- _Exercise goal_
Starting with the line that contains "Fabriksny Turboshop solutions", reproduce each line through the end of the listing below, with no other output.

- _Data below_
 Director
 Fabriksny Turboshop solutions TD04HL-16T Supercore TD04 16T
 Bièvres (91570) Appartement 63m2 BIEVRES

- _Task answer_
 Fabriksny Turboshop solutions TD04HL-16T Supercore TD04 16T
 Bièvres (91570) Appartement 63m2 BIEVRES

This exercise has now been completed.